Author of the fabulous Tuesday Tells It Slant, Holly Christine was kind enough to address the issue of keeping a journal (something that Tuesday did, although she altered her past by creating new journal entries).
Keeping a journal at times seems unnecessary. We have cameras on our phones and text messages and Facebook to look back on, right?
My parents were preparing to sell their home a few years ago and I was faced with these old diaries (one had a lock on it and a unicorn on the cover). I started to read through them and became flooded with emotion. I could see the changes in my life in my own handwriting. It was powerful and entertaining all at the same time. I had forgotten what a gossip queen I was in fifth grade.

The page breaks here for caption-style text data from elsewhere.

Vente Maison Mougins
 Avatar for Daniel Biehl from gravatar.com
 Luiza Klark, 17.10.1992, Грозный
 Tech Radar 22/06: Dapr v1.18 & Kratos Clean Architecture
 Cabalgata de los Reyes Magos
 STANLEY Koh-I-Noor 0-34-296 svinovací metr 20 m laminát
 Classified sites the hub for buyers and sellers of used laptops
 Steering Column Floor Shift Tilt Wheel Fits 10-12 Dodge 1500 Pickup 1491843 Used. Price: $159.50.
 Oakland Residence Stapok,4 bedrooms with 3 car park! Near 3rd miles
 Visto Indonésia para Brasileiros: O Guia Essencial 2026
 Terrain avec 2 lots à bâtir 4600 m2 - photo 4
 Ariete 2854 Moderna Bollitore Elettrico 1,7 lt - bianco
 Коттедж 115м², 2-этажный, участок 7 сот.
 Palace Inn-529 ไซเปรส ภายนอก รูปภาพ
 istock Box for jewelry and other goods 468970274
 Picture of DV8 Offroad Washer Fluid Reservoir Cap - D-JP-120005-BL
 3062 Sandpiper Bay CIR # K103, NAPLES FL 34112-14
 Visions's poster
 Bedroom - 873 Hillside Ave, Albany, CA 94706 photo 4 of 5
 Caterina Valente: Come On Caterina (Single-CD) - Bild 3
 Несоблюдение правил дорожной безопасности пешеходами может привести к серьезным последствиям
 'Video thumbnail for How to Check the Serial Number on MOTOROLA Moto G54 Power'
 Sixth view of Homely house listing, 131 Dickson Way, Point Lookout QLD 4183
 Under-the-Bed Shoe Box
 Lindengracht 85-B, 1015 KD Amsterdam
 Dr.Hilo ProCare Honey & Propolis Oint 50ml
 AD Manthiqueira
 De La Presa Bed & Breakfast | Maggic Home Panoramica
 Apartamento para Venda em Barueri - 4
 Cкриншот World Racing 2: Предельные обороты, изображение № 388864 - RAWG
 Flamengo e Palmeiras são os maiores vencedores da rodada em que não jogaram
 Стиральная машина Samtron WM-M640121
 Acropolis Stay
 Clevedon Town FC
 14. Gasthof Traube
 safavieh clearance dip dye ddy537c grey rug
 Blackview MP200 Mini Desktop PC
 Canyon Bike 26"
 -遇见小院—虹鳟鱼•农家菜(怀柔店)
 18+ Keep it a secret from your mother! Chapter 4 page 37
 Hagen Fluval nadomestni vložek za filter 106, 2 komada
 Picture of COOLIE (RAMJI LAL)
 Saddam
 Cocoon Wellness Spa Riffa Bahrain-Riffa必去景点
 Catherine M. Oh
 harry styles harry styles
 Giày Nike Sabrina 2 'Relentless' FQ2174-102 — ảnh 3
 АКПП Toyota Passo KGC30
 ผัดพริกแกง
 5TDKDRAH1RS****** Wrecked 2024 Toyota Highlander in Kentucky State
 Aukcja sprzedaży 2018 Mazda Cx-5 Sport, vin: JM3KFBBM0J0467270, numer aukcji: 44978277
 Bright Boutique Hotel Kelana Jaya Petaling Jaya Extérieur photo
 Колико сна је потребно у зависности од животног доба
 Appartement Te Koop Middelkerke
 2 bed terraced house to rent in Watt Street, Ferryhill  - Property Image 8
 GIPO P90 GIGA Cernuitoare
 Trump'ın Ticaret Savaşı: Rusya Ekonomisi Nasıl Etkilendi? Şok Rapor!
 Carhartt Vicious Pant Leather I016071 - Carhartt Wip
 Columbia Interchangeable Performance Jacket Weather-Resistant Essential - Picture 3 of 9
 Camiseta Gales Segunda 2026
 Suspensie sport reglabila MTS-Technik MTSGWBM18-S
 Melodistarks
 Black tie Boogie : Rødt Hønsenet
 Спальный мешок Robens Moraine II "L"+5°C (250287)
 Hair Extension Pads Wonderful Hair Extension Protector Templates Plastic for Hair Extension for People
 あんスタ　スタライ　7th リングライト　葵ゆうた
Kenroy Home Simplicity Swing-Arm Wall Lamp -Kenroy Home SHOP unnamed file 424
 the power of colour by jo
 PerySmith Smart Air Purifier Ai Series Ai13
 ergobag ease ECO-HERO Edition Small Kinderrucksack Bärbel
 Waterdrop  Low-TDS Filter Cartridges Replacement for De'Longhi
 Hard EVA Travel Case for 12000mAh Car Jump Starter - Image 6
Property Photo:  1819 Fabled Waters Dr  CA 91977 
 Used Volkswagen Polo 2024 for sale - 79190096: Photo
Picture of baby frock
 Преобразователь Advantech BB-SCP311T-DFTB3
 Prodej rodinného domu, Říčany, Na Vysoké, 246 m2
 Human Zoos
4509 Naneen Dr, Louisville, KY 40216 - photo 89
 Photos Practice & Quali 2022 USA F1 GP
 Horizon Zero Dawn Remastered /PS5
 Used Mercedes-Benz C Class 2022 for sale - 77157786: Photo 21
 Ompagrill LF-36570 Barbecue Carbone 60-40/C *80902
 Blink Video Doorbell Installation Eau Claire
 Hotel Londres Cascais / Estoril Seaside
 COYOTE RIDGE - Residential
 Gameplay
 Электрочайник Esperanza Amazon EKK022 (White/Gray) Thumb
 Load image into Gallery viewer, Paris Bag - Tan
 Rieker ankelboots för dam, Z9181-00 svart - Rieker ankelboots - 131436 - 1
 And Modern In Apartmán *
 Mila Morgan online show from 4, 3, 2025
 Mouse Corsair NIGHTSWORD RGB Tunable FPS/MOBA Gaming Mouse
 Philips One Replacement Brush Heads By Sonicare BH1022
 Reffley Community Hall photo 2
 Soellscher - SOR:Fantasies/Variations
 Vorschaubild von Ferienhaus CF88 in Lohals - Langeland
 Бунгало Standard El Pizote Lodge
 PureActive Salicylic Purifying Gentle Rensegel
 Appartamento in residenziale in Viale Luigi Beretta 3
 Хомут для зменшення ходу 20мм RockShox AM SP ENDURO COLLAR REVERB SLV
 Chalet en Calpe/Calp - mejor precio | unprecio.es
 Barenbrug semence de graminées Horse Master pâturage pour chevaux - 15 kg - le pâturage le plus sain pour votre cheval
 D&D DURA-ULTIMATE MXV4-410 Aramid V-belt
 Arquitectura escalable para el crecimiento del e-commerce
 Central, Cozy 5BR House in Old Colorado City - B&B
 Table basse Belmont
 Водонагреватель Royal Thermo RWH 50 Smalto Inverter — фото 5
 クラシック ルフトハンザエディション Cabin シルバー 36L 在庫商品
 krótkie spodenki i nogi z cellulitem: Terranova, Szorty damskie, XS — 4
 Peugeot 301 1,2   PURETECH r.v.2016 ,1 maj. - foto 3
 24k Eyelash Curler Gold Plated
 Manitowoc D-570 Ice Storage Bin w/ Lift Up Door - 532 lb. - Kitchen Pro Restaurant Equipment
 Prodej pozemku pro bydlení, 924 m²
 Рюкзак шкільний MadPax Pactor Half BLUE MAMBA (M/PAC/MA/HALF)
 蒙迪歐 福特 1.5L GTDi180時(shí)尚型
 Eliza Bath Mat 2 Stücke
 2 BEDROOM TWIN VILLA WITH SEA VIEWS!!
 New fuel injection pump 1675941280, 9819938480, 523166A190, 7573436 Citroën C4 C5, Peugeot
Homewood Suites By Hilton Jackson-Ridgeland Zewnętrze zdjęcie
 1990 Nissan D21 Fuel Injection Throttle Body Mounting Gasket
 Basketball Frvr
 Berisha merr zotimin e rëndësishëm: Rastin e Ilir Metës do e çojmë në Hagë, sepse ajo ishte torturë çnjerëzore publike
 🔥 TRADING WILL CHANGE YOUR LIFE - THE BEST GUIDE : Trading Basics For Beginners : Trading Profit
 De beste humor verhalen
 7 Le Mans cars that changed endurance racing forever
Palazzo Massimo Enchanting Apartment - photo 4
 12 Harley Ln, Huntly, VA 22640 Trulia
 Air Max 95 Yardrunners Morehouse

Back then, I wrote with the idea that recording my life in pen was important and timeless. For some reason, the emotional impact is much more extreme in pen. It’s quicker too. It’s a release, a physical release that stays on paper for as long as you like.
This moment of reading my old diary entries inspired the basis of Tuesday Tells it Slant. I kept thinking that it would be easy to erase these old memories that I had. Perhaps I wanted to forget that I fought with my younger brother. Couldn’t I just rip the page out? I had forgotten about that fight up until the moment I saw it in my diary.
Throughout the book, Tuesday changes her old diary entries, eliminating all painful memories. But in the process, she loses her self; her soul seems halfhearted and confused. Her diary, as it turns out, is like an extension of her existence.
But all entries aren’t necessarily painful memories. My mother kept a journal of her pregnancy with me and recently gave it to me. It is written in pen on regular notebook paper and it is a tradition that I plan to continue.
A diary is a gift to your future and your present soul. It can inspire the future while recording the present and is like an old photo of your emotions: timeless.